RECORDS PROVIDED –
--*--
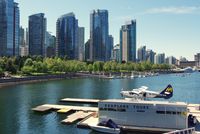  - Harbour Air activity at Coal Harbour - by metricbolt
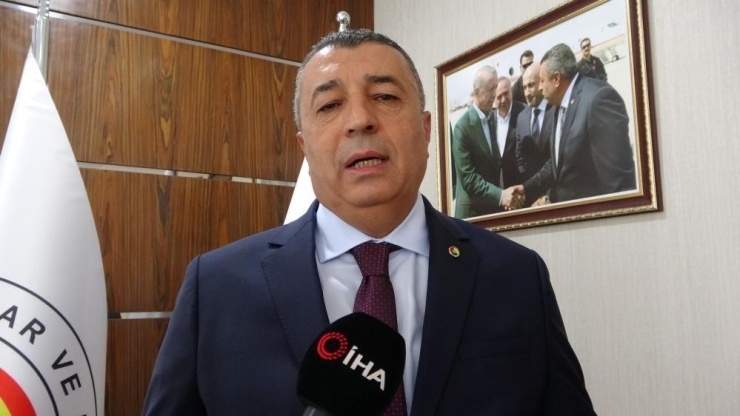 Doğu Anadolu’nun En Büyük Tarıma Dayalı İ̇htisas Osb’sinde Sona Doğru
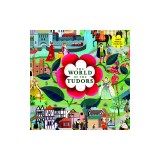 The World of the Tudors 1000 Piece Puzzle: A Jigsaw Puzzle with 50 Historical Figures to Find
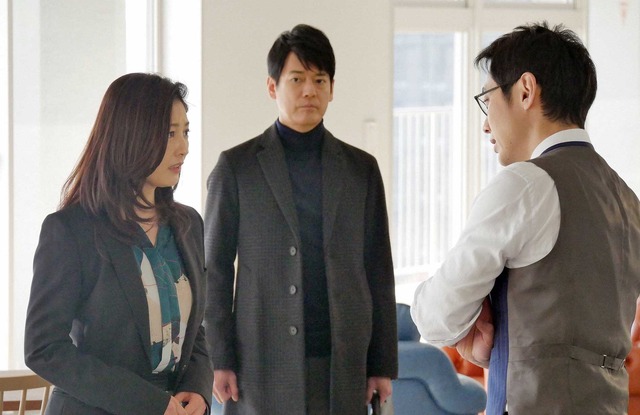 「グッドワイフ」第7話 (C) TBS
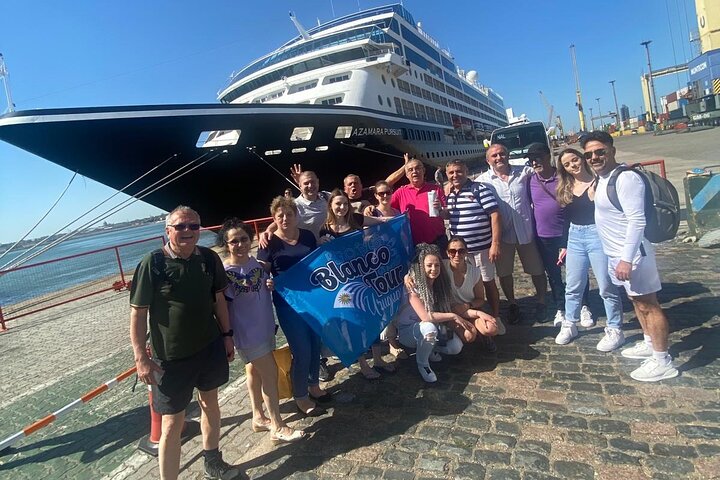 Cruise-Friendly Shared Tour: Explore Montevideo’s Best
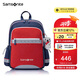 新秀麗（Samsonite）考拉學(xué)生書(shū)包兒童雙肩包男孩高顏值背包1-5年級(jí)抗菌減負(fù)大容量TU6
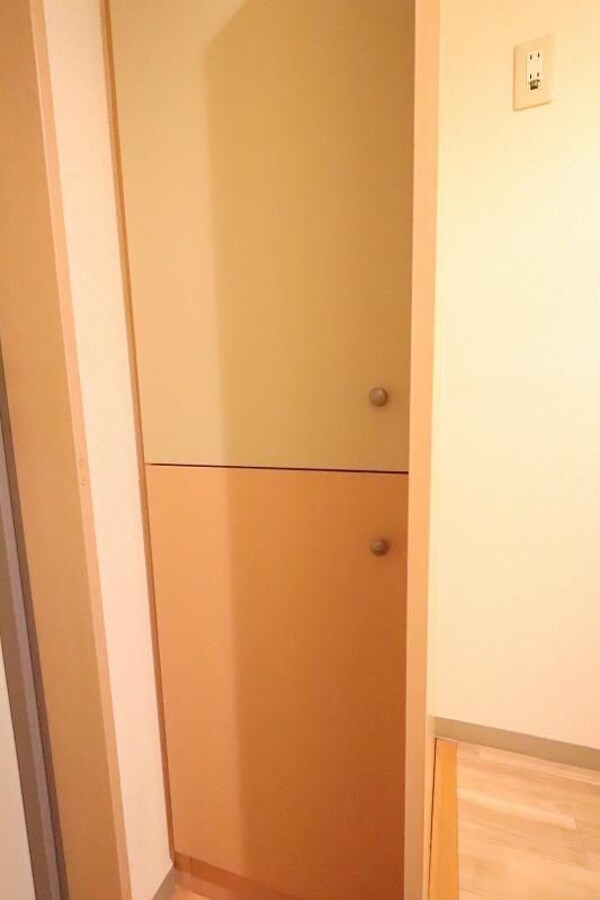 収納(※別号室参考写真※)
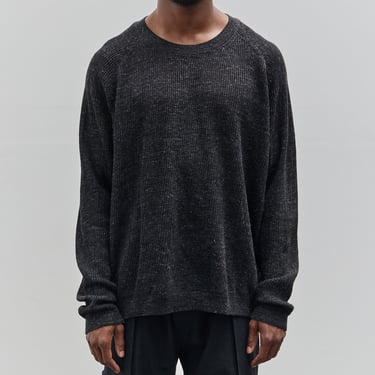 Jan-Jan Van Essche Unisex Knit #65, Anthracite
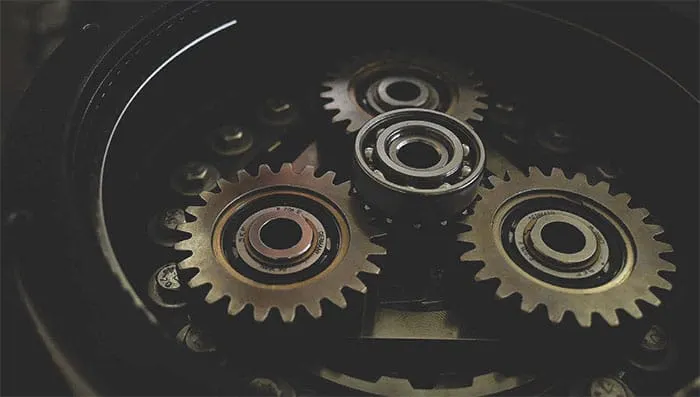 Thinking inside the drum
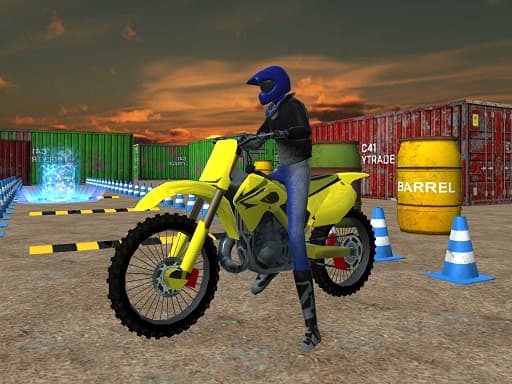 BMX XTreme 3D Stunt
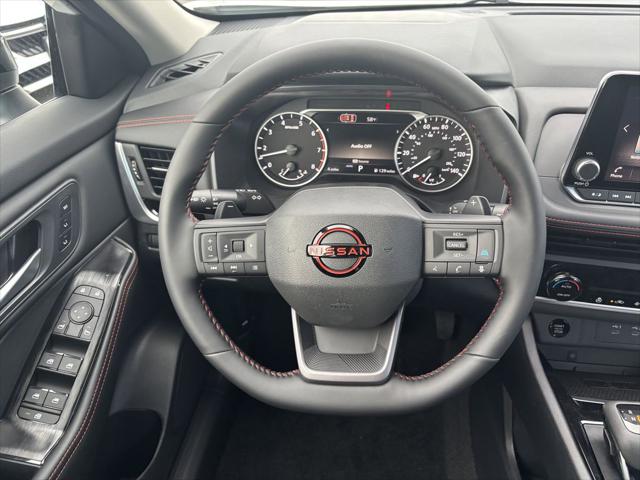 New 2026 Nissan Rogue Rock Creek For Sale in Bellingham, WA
--*--
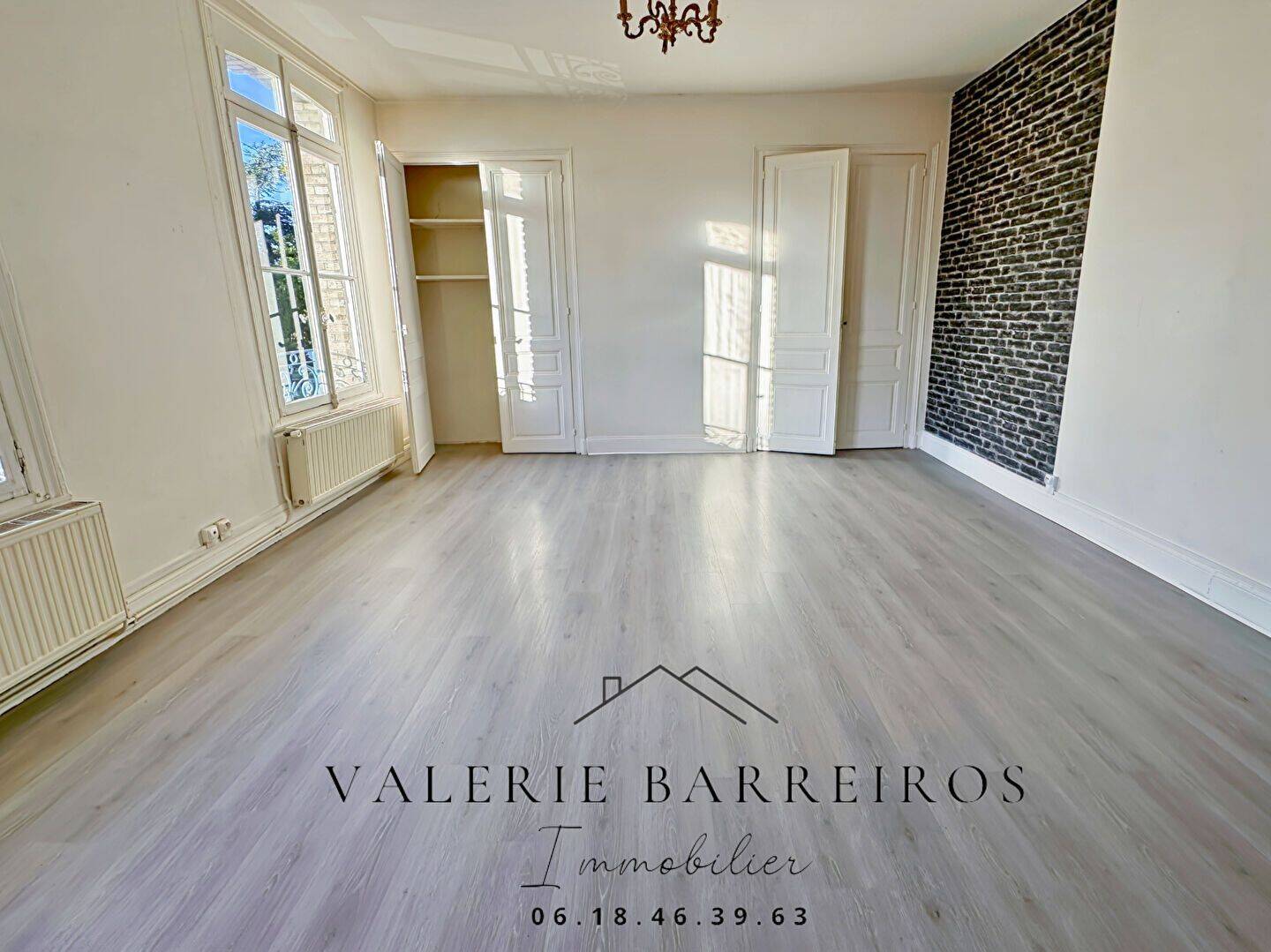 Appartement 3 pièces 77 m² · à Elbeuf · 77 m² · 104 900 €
--*--
THE TASK – An exact copy is needed. It runs from the line above containing "Doğu Anadolu’nun En" down to the line containing "New 2026 Nissan", both included, with no pictures.

SOLUTION TO THE EXERCISE –
 Doğu Anadolu’nun En Büyük Tarıma Dayalı İ̇htisas Osb’sinde Sona Doğru
 The World of the Tudors 1000 Piece Puzzle: A Jigsaw Puzzle with 50 Historical Figures to Find
 「グッドワイフ」第7話 (C) TBS
 Cruise-Friendly Shared Tour: Explore Montevideo’s Best
 新秀麗（Samsonite）考拉學(xué)生書(shū)包兒童雙肩包男孩高顏值背包1-5年級(jí)抗菌減負(fù)大容量TU6
 収納(※別号室参考写真※)
 Jan-Jan Van Essche Unisex Knit #65, Anthracite
 Thinking inside the drum
 BMX XTreme 3D Stunt
 New 2026 Nissan Rogue Rock Creek For Sale in Bellingham, WA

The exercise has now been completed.